In precedence order from most specific to most general these are defined
by combinations of "transformerName"
and "sourceMediaType"
.
- transformer and source media type default both specified
- transformer default only the transformer name is specified
- source media type default only the source media type is specified
- system wide default neither are specified.
Both "priority"
and "maxSourceSizeBytes"
may be specified in an element,
but if only one is specified it is only that value that is being defaulted.

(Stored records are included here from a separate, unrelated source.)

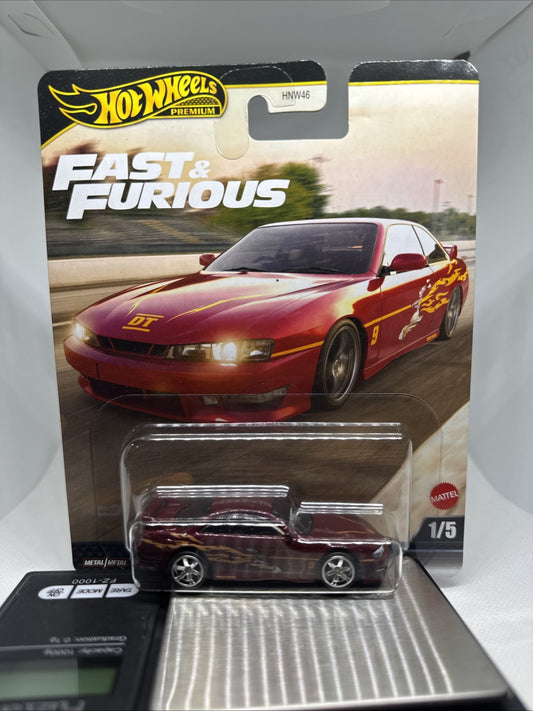 Hot Wheels Premium Fast & Furious Nissan 240SX (S14)  #1/5 New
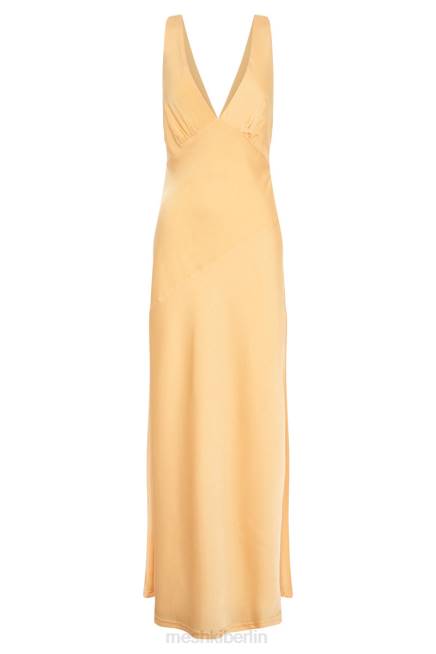Kleidung Meshki Nadia Maxi-Satinkleid mit Wasserfallausschnitt hinten Zitrone 2F8B11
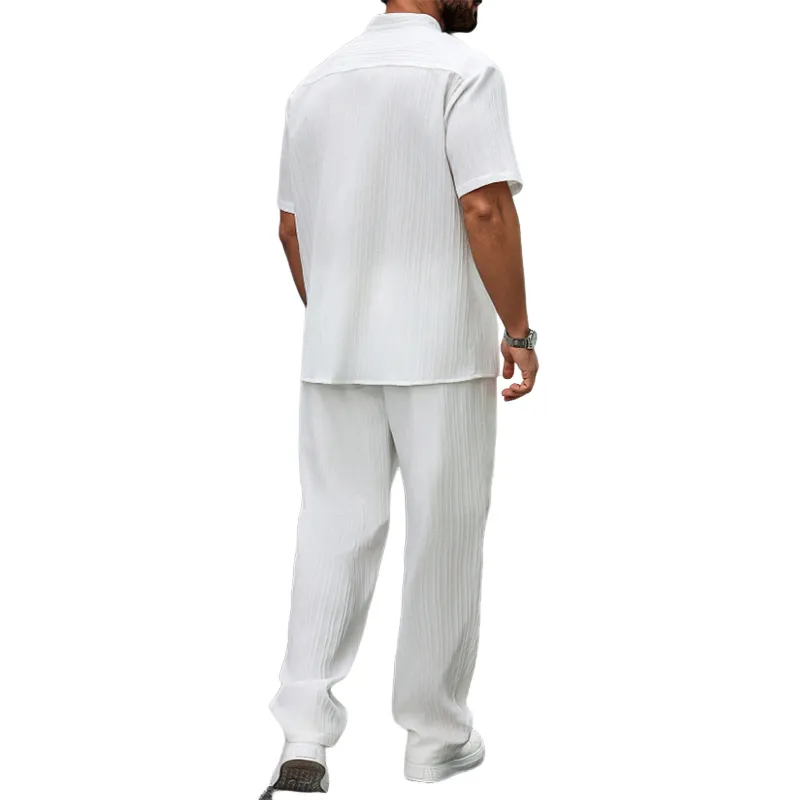 Men's Spring Summer Fashion Casual Cool Short Sleeve Shirt Style Long Set MTA0150D5K sold by Manly product image thumbnail 2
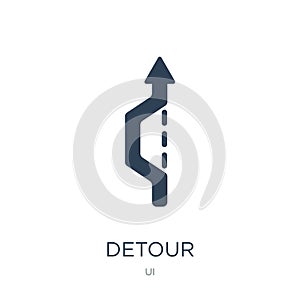 detour icon in trendy design style. detour icon isolated on white background. detour vector icon simple and modern flat symbol for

Being able to change the defaults is particularly useful once a T-Engine
has been developed as it allows a system administrator to handle
limitations that are only found later. The system wide defaults
are
generally not used but are included for completeness. The following
example says that the "Office"
transformer by default should only handle
zip files up to 18 Mb and by default the maximum size of a .doc
file to be
transformed is 4 Mb. The third example defaults the priority, possibly
allowing another transformer that has specified a priority of say 50
to
be used in preference.
Defaults values are only applied after all t-config has been read.
{
"supportedDefaults": [
{
"transformerName": "Office", // default for a source type within a transformer
"sourceMediaType": "application/zip",
"maxSourceSizeBytes": 18874368
},
{
"sourceMediaType": "application/msword", // defaults for a source type
"maxSourceSizeBytes": 4194304,
"priority": 45
},
{
"priority": 60 // system wide default
},
{
"maxSourceSizeBytes": -1 // system wide default
}
]
...
}